Data:
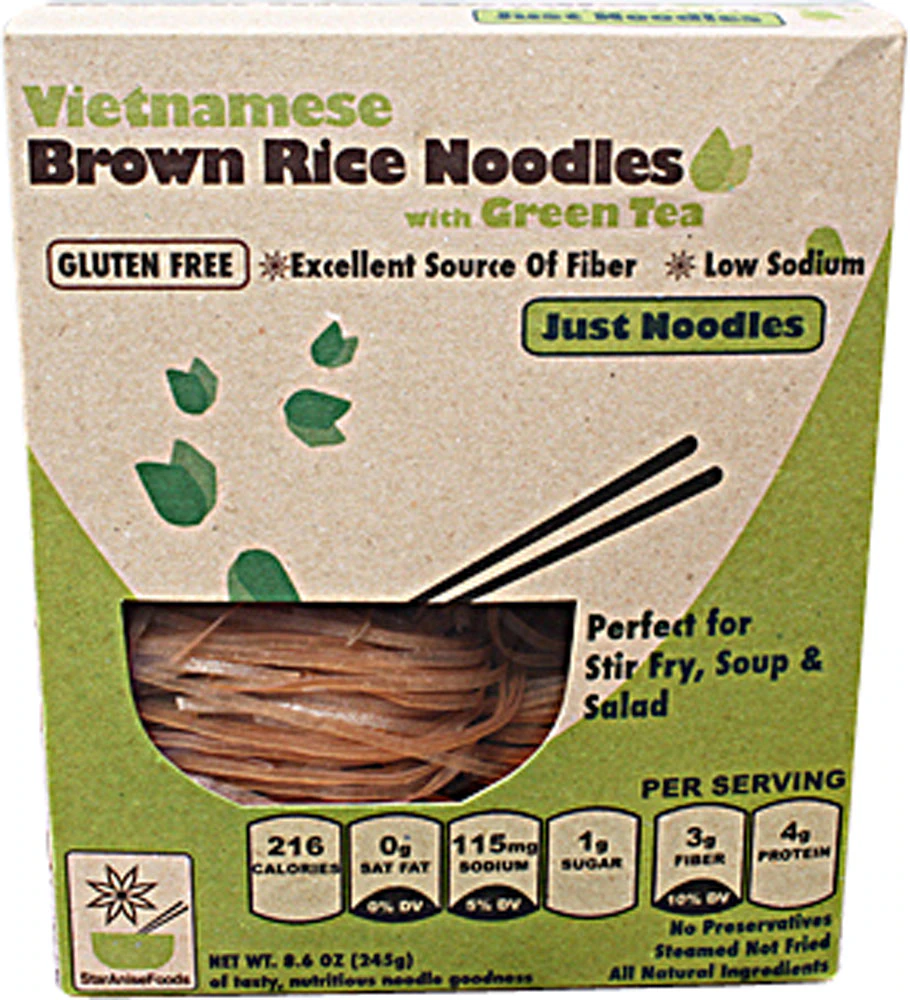 Star Anise Foods Vietnamese Brown Rice Noodles with Organic Green Tea -- 8.6 oz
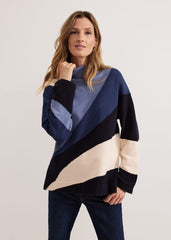 Sabrina Swirl Jacqaurd Jumper - Navy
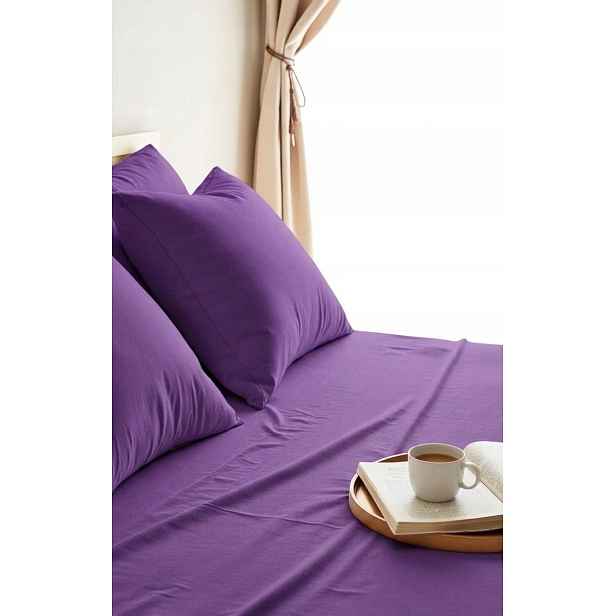 Povlečení 100% bavlna renforcé fialová SoftSleep 160x200 Turecko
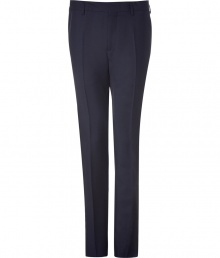 Deviate stylishly from the classic black suit pants in these super sleek navy trousers from Marc Jacobs - Flat front, belt loops, off-seam pockets, back welt pockets with buttons, slim fit - Style with a matching jacket, a striped button down, and brogues Deviate stylishly from the classic black suit pants in these super sleek navy trousers from Marc Jacobs - Flat front, belt loops, off-seam pockets, back welt pockets with buttons, slim fit - Style with a matching jacket, a striped button down, and brogues
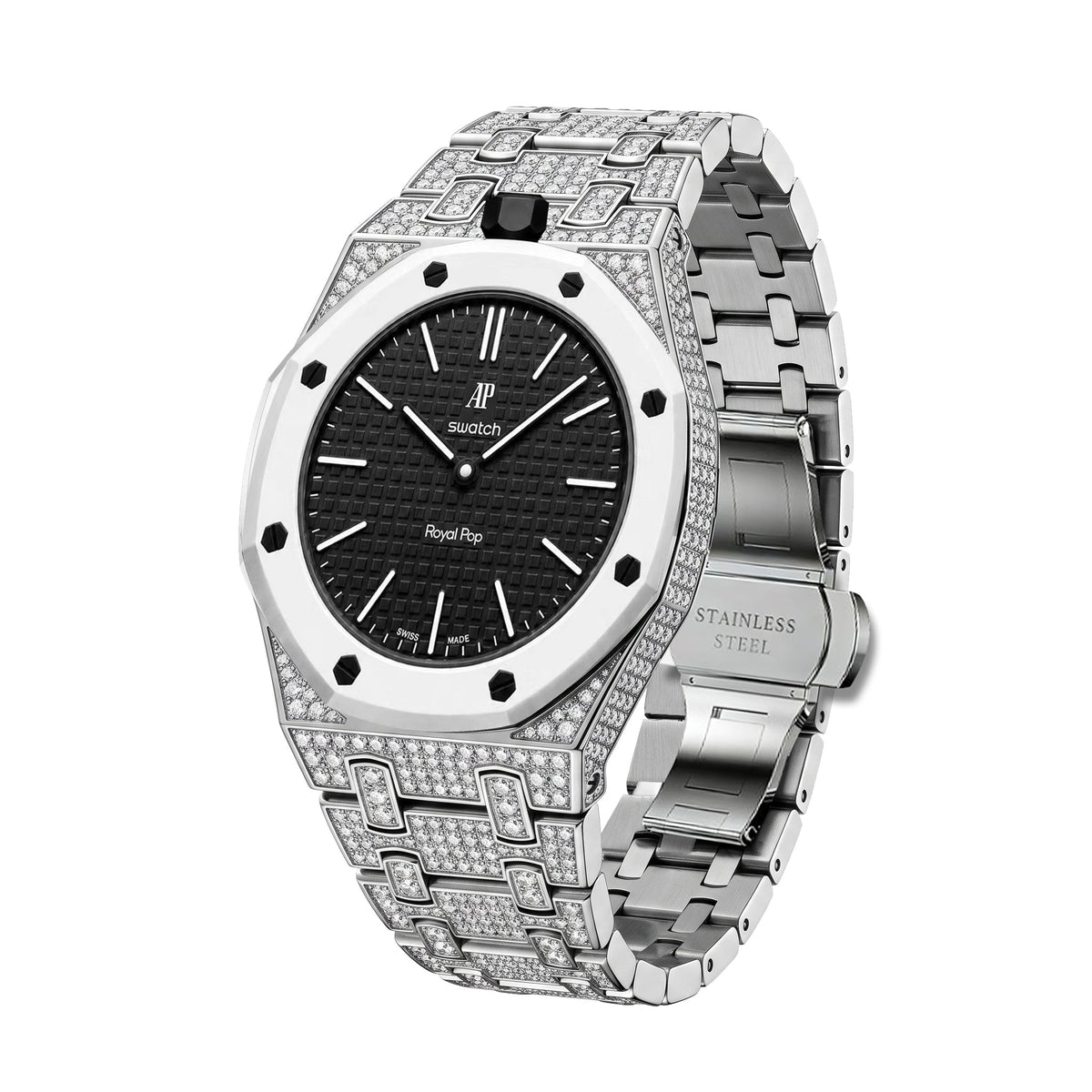[Bling Jewelrys]Royal Oak Pop Exclusive Bioceramic Case & Bioceramic Strap Full Diamond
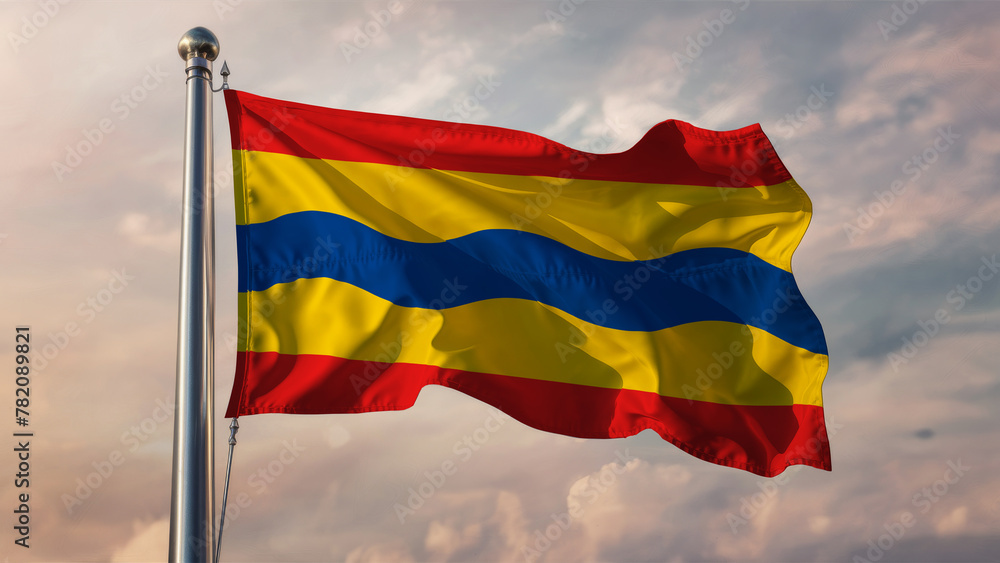 Overijssel Waving Flag Against a Cloudy Sky Overijssel Waving Flag Against a Cloudy Sky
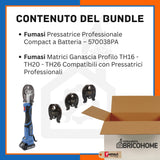 Kit Fumasi Pressatrice Professionale a Batteria 570038PA + 3 Matrici [BUNDLE]
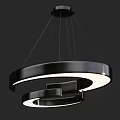 Modern Circular Multi layer Pendant Lights With Sleek Metal Frame And LED Glow 3d model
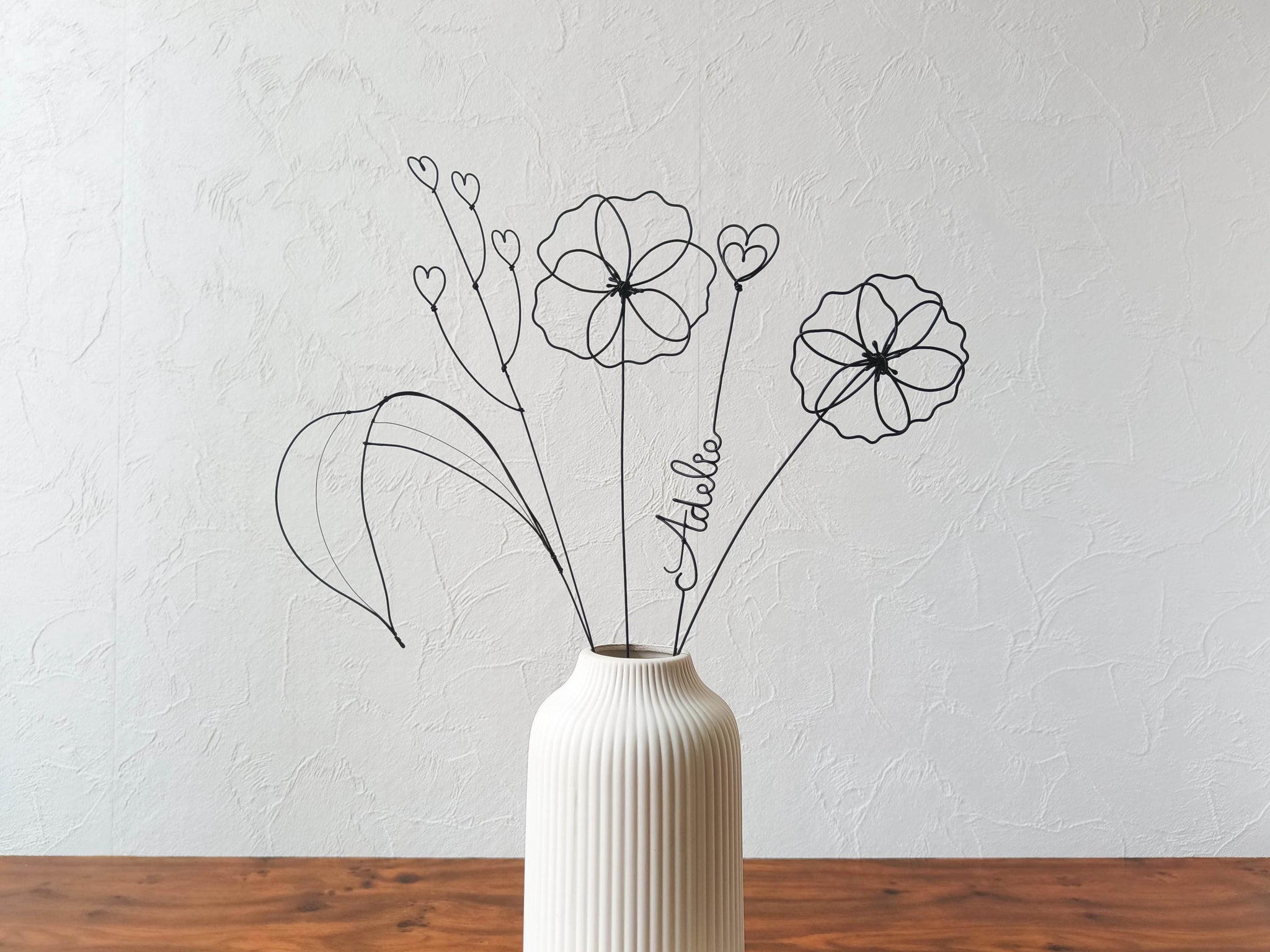 Fleurs en véritable fil de fer, bouquet de fleurs personnalisées, déco de table fil de fer, prénoms personnalisés, garantie à vie, cadeau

Your task:
Apart from the images, the entries above must be returned without alteration.

Problem solution:
 Star Anise Foods Vietnamese Brown Rice Noodles with Organic Green Tea -- 8.6 oz
 Sabrina Swirl Jacqaurd Jumper - Navy
 Povlečení 100% bavlna renforcé fialová SoftSleep 160x200 Turecko
 Deviate stylishly from the classic black suit pants in these super sleek navy trousers from Marc Jacobs - Flat front, belt loops, off-seam pockets, back welt pockets with buttons, slim fit - Style with a matching jacket, a striped button down, and brogues Deviate stylishly from the classic black suit pants in these super sleek navy trousers from Marc Jacobs - Flat front, belt loops, off-seam pockets, back welt pockets with buttons, slim fit - Style with a matching jacket, a striped button down, and brogues
[Bling Jewelrys]Royal Oak Pop Exclusive Bioceramic Case & Bioceramic Strap Full Diamond
 Overijssel Waving Flag Against a Cloudy Sky Overijssel Waving Flag Against a Cloudy Sky
 Kit Fumasi Pressatrice Professionale a Batteria 570038PA + 3 Matrici [BUNDLE]
 Modern Circular Multi layer Pendant Lights With Sleek Metal Frame And LED Glow 3d model
 Fleurs en véritable fil de fer, bouquet de fleurs personnalisées, déco de table fil de fer, prénoms personnalisés, garantie à vie, cadeau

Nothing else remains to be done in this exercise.